Efficiently dividing unsigned value by a power of two, rounding up - in CUDA

Question

I was just reading:

Efficiently dividing unsigned value by a power of two, rounding up

and I was wondering what was the fastest way to do this in CUDA. Of course

Answer 1

Here is an alternative solution via population count. I tried the 32-bit variant only, testing it exhaustively against the reference implementation. Since the divisor q is a power of 2, we can trivially determine the shift count s with the help of the population count operation. The remainder t of the truncating division can be computed by simple mask m derived directly from the divisor q.

// For p in [0,0xffffffff], q = (1 << s) with s in [0,31], compute ceil(p/q)
__device__ uint32_t reference (uint32_t p, uint32_t q)
{
    uint32_t r = p / q;
    if ((q * r) < p) r++;
    return r;
}

// For p in [0,0xffffffff], q = (1 << s) with s in [0,31], compute ceil(p/q)
__device__ uint32_t solution (uint32_t p, uint32_t q)
{
    uint32_t r, s, t, m;
    m = q - 1;
    s = __popc (m);
    r = p >> s;
    t = p & m;
    if (t > 0) r++;
    return r;
}

Whether solution() is faster than the previously posted codes will likely depend on the specific GPU architecture.
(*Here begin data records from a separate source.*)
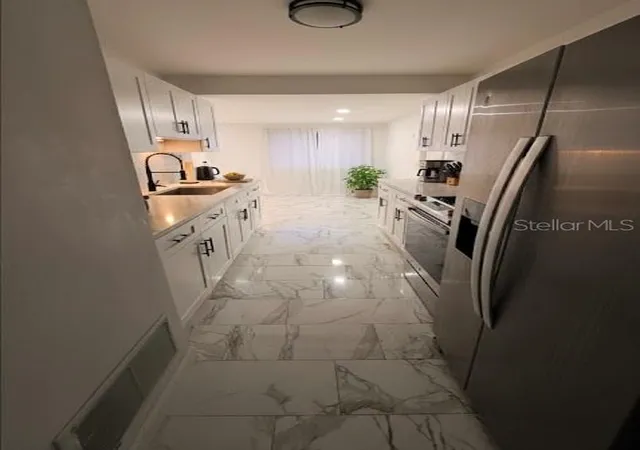 Photo 3 of Single family home for sale at 7714 W Powhatan, Tampa, FL 33615 | MLS# TB8461330 | Listing updated on 2026-08-06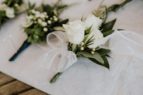 white rose buttonhole instagram footer image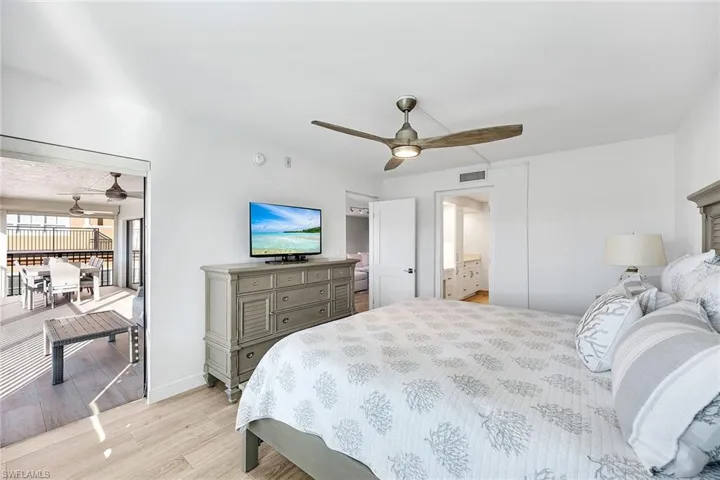 Bedroom with light wood finished floors and ceiling fan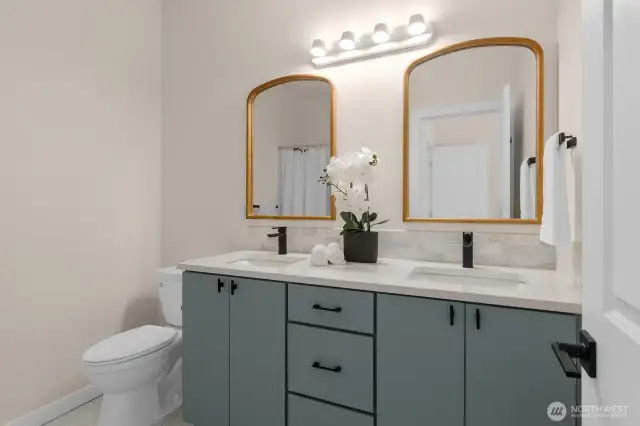 Primary bath with double sinks.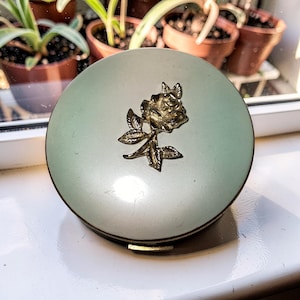 May include: A round, pale green compact with a gold-colored rose and leaf design on the lid. The compact has a gold-colored rim and a small clasp. The background includes potted plants near a window.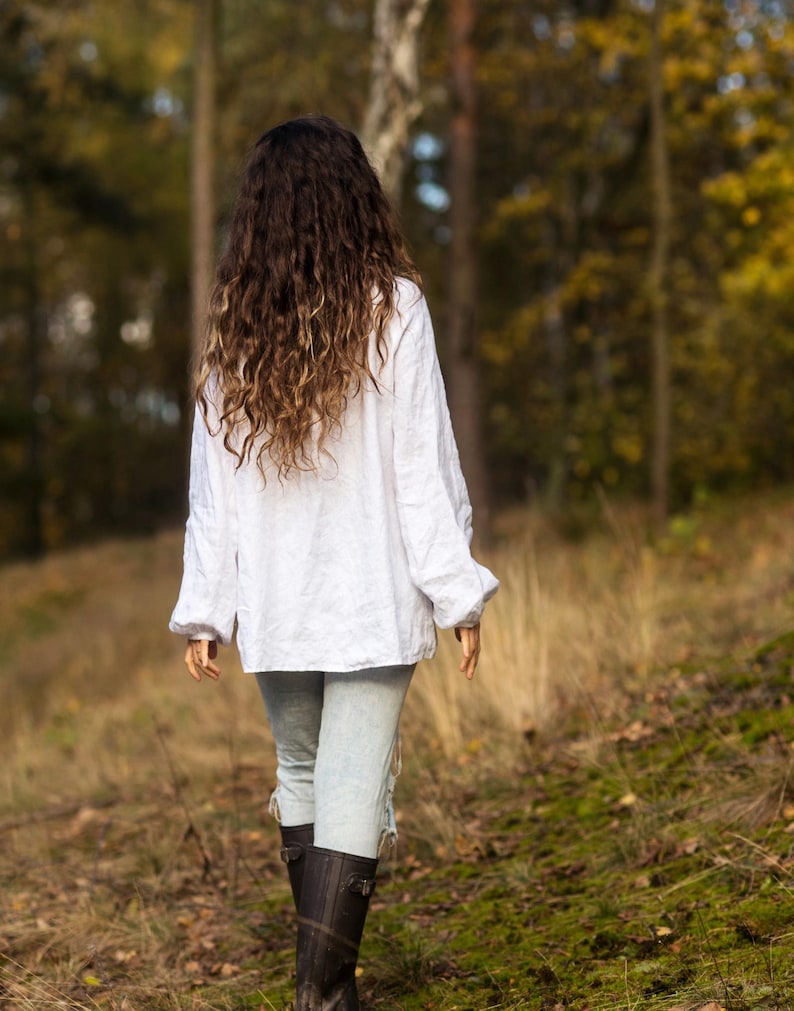 May include: A woman with long, curly brown hair walks through a forest wearing a white linen shirt, light blue jeans, and black boots.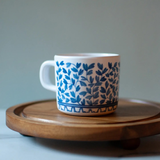 blue and white sippy cup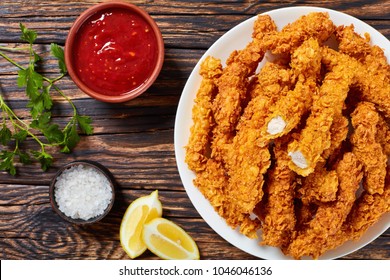 corn flakes breaded deep fried chicken crispy breast strips on white plate, on old rustic  wooden table with tomato sauce and lemon slices, easy recipe for outdoor picnic or party, close-up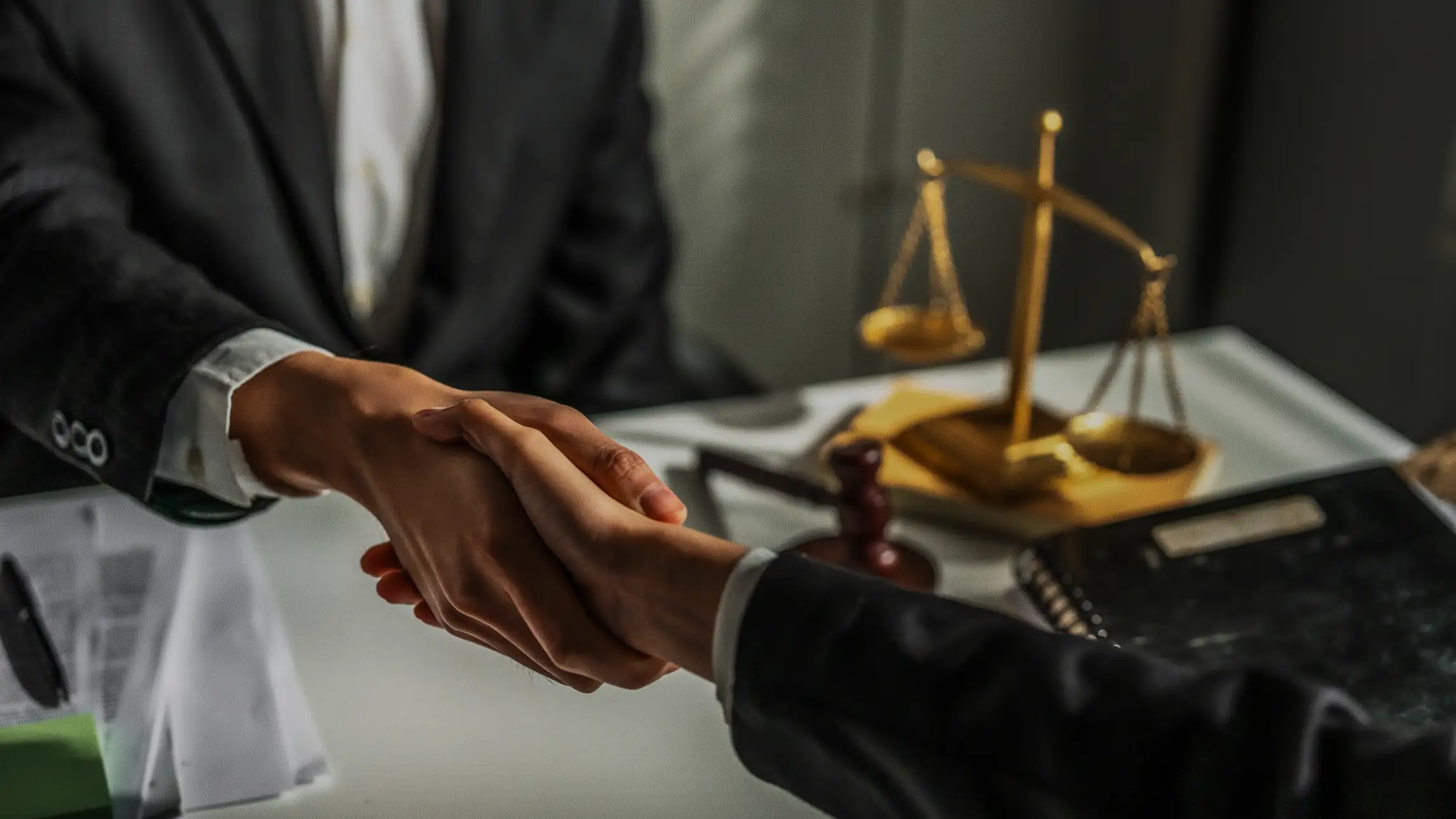Shaking hands in legal office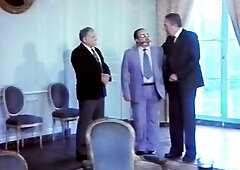 An Afro head of state arrives to stay, incognito, and causes mayhem with his parties and invited, female, guests, one of whom, Olinka, departs with th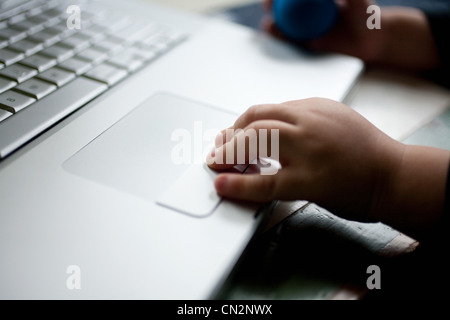 Toddler using laptop, close up Stock Photo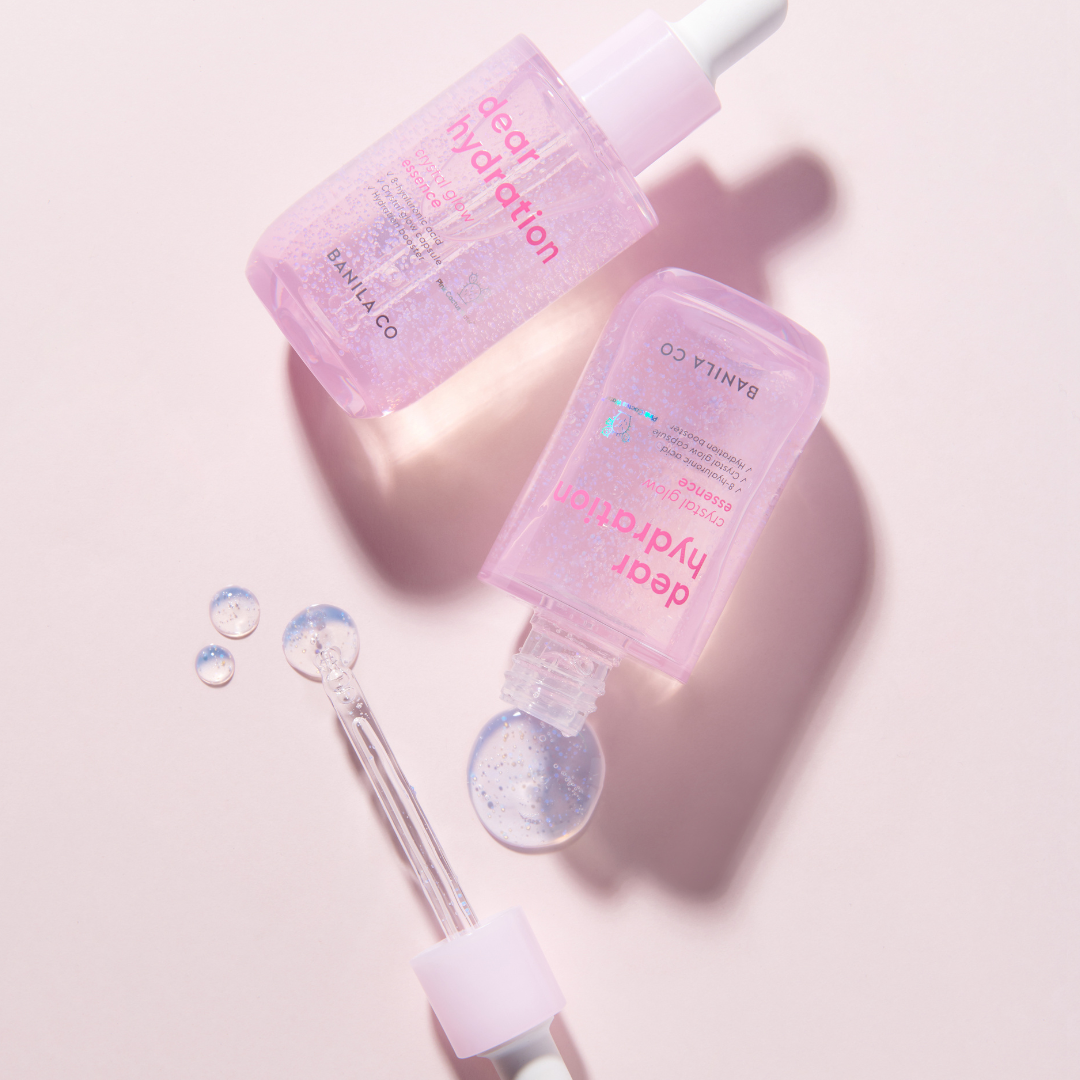 Banila Co Dear Hydration Crystal Glow Essence 50ml bottle with clear, luminous liquid inside, highlighting the skincare essence.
Using CUDA 8.0, it compiles to the following sequence of PTX instructions:

add.s32         %r3, %r2, -1;
popc.b32        %r4, %r3;
shr.u32         %r5, %r1, %r4;
and.b32         %r6, %r3, %r1;
setp.ne.s32     %p1, %r6, 0;
selp.u32        %r7, 1, 0, %p1;
add.s32         %r8, %r5, %r7;

For sm_5x, this translates into machine code pretty much 1:1, except that the two instructions SETP and SELP get contracted into a single ICMP, because the comparison is with 0.